----- Data to process

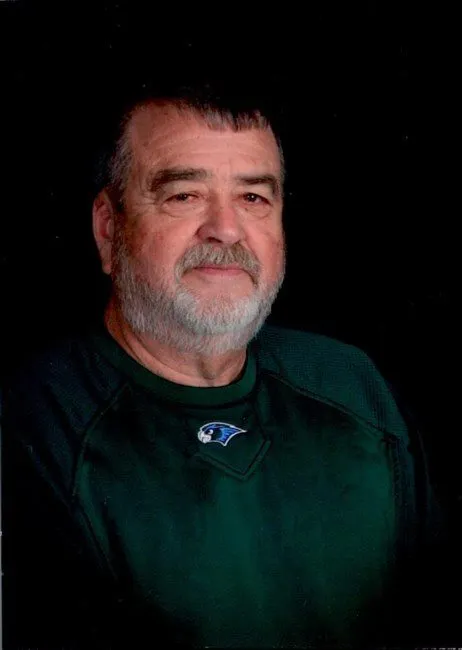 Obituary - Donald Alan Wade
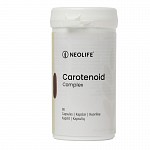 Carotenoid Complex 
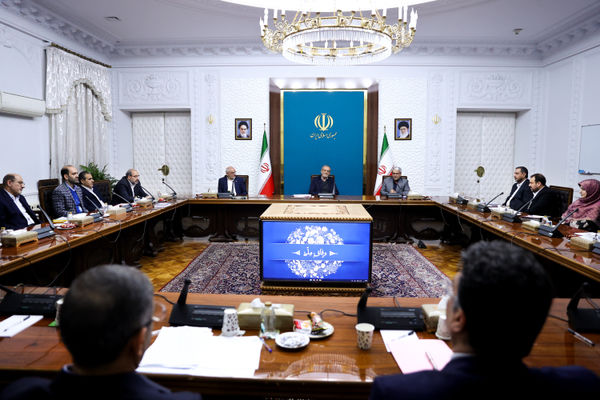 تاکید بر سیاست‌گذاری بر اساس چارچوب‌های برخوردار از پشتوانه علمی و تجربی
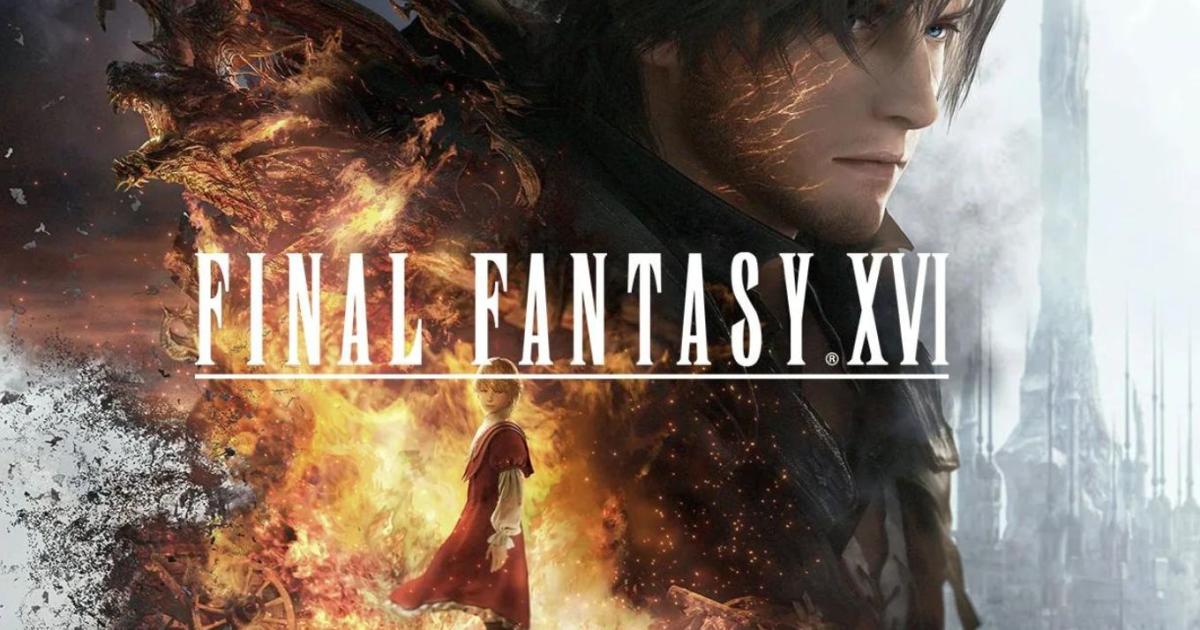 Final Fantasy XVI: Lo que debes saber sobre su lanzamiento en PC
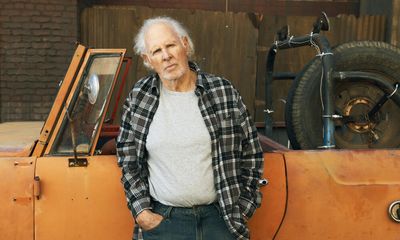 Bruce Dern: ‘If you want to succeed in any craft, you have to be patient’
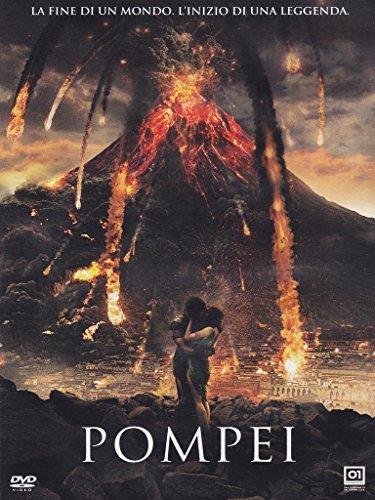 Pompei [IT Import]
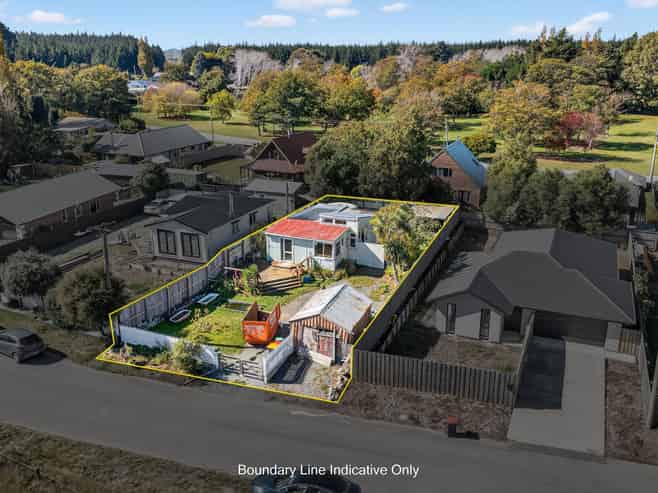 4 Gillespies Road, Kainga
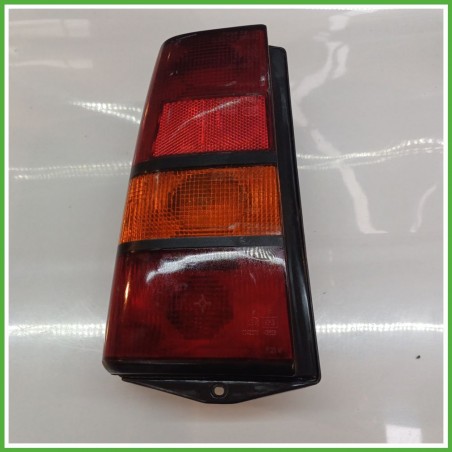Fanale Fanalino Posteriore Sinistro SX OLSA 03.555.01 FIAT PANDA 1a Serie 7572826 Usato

----------
----- Data to process

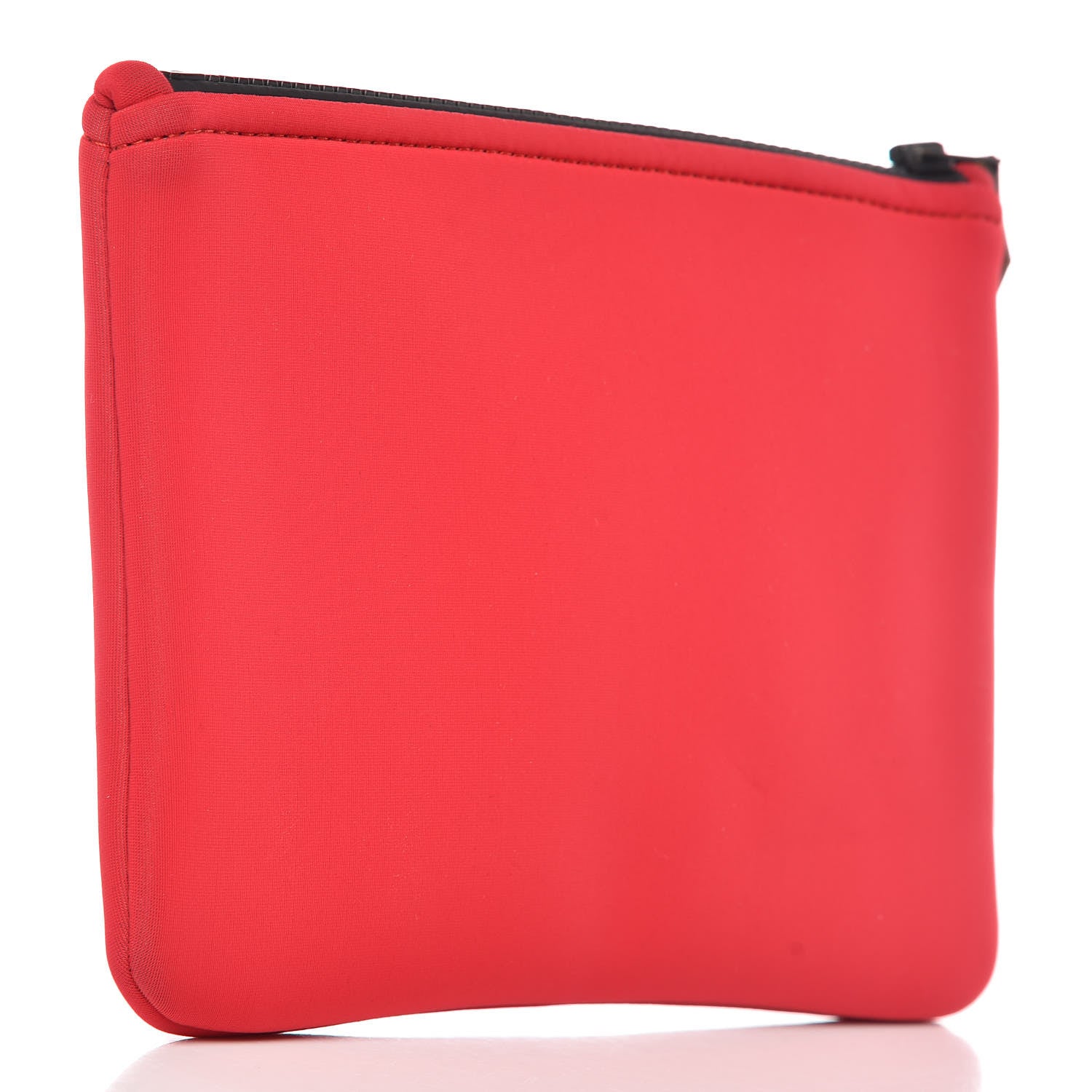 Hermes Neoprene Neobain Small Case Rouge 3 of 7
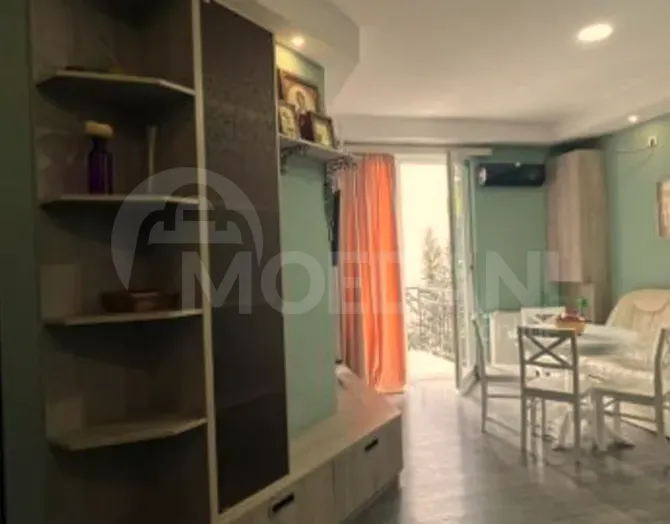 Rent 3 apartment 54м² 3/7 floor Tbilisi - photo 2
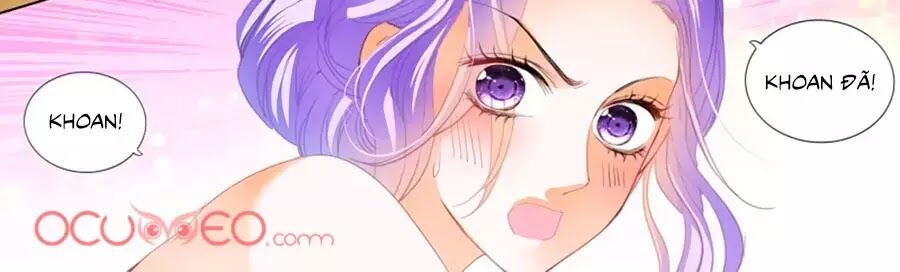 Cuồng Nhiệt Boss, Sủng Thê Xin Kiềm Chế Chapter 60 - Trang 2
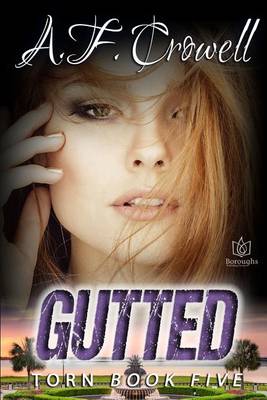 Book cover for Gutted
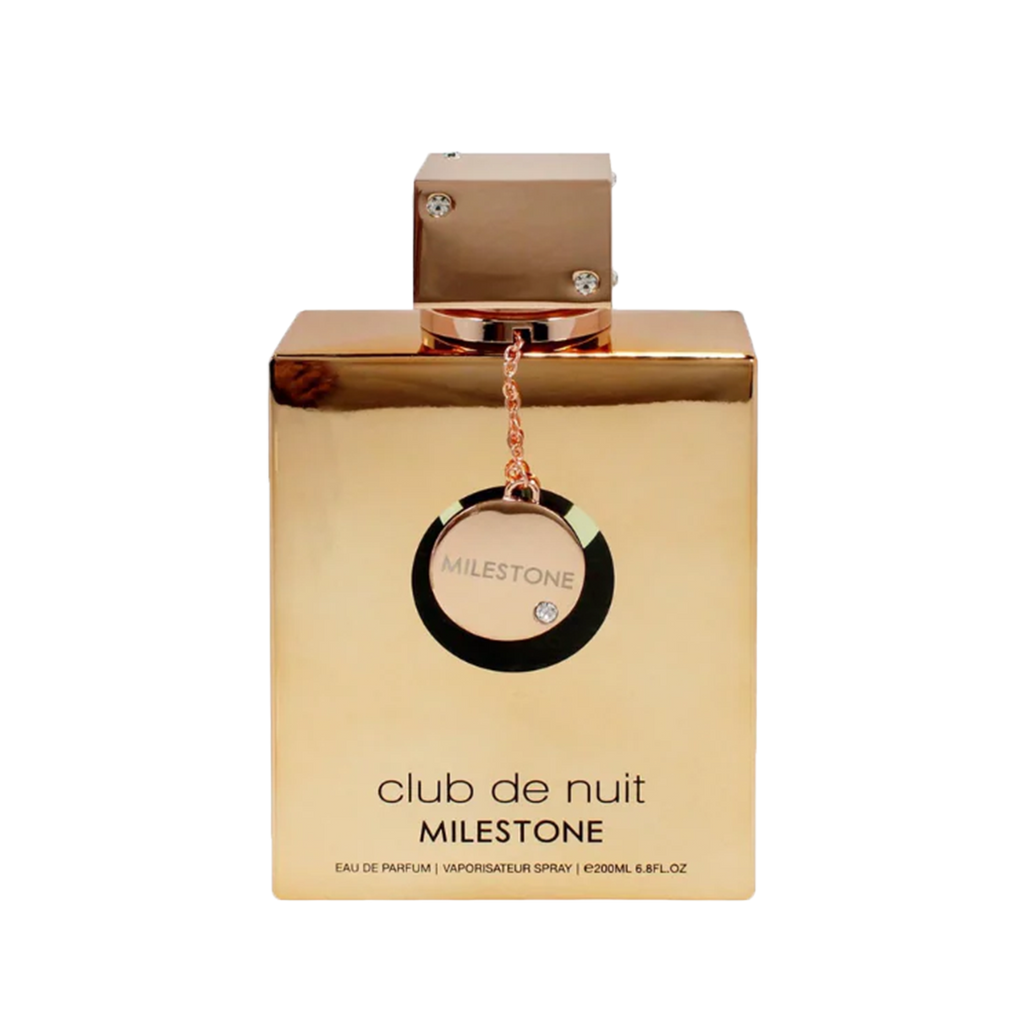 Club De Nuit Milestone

----------

◆ Your goal ◆
With pictures excluded, reproduce exactly the lines above from the one containing "Final Fantasy XVI: Lo" down to the one containing "Fanale Fanalino Posteriore", those two included.

◆ Output for this exercise ◆
 Final Fantasy XVI: Lo que debes saber sobre su lanzamiento en PC
 Bruce Dern: ‘If you want to succeed in any craft, you have to be patient’
 Pompei [IT Import]
 4 Gillespies Road, Kainga
Fanale Fanalino Posteriore Sinistro SX OLSA 03.555.01 FIAT PANDA 1a Serie 7572826 Usato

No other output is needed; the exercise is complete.